::: Records for the exercise :::

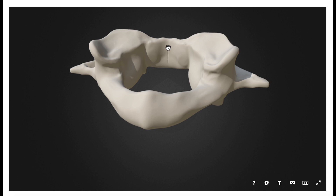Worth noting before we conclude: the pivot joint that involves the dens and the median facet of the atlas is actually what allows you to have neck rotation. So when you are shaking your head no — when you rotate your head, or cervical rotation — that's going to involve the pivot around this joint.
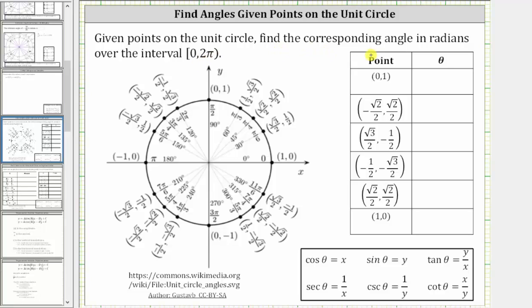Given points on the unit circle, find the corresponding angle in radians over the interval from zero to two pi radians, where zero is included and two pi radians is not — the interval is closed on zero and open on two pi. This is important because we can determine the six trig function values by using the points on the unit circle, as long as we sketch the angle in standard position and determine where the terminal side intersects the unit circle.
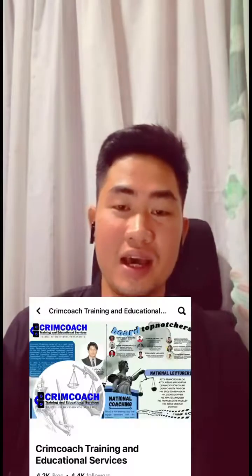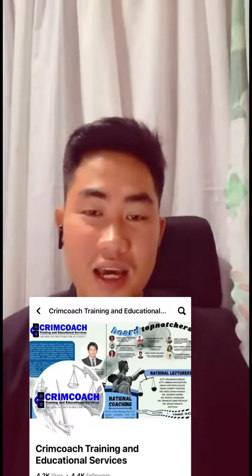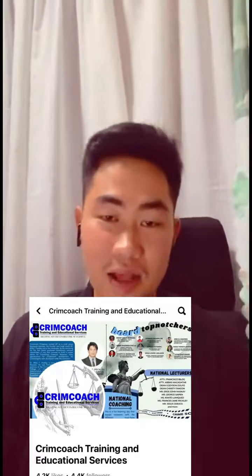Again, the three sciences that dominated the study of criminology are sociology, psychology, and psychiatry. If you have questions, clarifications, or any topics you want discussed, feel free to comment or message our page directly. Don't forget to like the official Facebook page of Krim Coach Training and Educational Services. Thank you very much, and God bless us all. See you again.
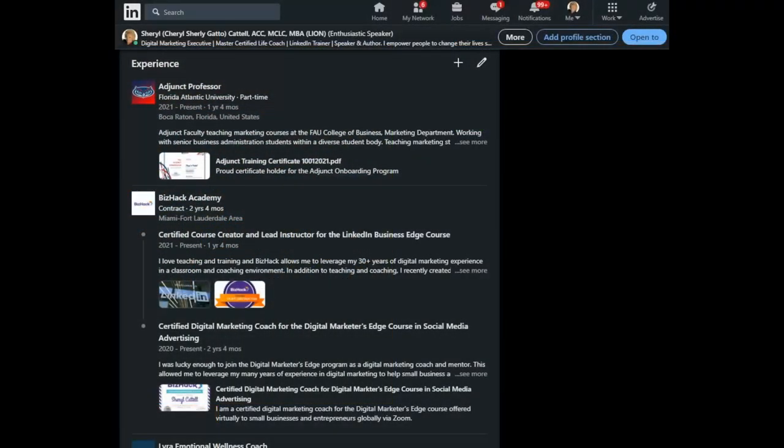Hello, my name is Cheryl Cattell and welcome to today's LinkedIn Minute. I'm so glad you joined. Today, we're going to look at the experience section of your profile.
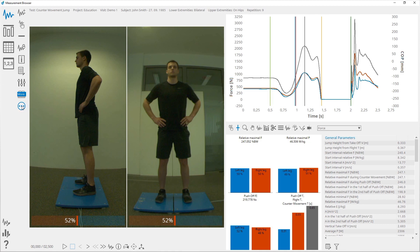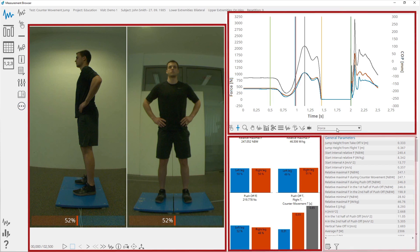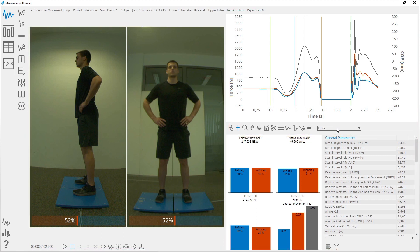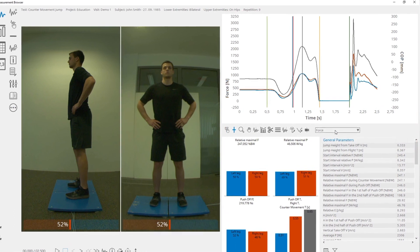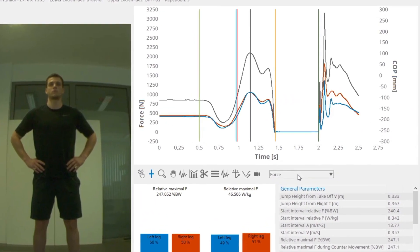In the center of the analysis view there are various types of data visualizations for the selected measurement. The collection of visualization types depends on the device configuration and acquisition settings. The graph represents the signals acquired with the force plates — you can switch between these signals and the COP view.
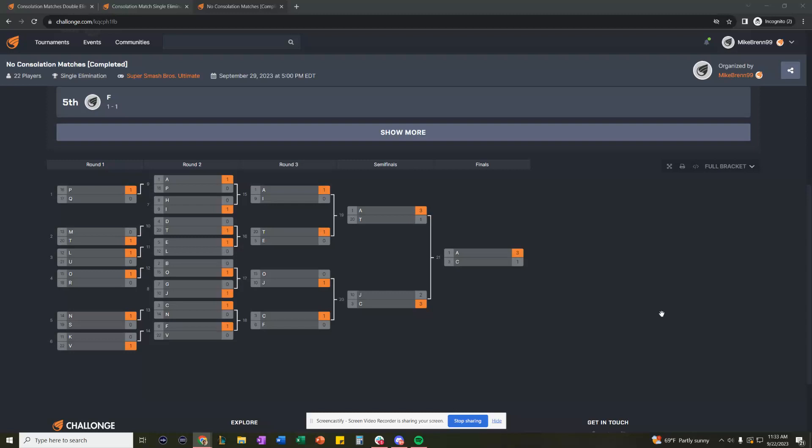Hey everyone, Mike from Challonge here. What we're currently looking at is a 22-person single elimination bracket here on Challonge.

:::

» **What to produce**: Pictures stay out; output the lines from the top of the listing above through the line containing "Again, the three", exactly as they stand.

» **Solution to this exercise**:
Worth noting before we conclude: the pivot joint that involves the dens and the median facet of the atlas is actually what allows you to have neck rotation. So when you are shaking your head no — when you rotate your head, or cervical rotation — that's going to involve the pivot around this joint.
Given points on the unit circle, find the corresponding angle in radians over the interval from zero to two pi radians, where zero is included and two pi radians is not — the interval is closed on zero and open on two pi. This is important because we can determine the six trig function values by using the points on the unit circle, as long as we sketch the angle in standard position and determine where the terminal side intersects the unit circle.
Again, the three sciences that dominated the study of criminology are sociology, psychology, and psychiatry. If you have questions, clarifications, or any topics you want discussed, feel free to comment or message our page directly. Don't forget to like the official Facebook page of Krim Coach Training and Educational Services. Thank you very much, and God bless us all. See you again.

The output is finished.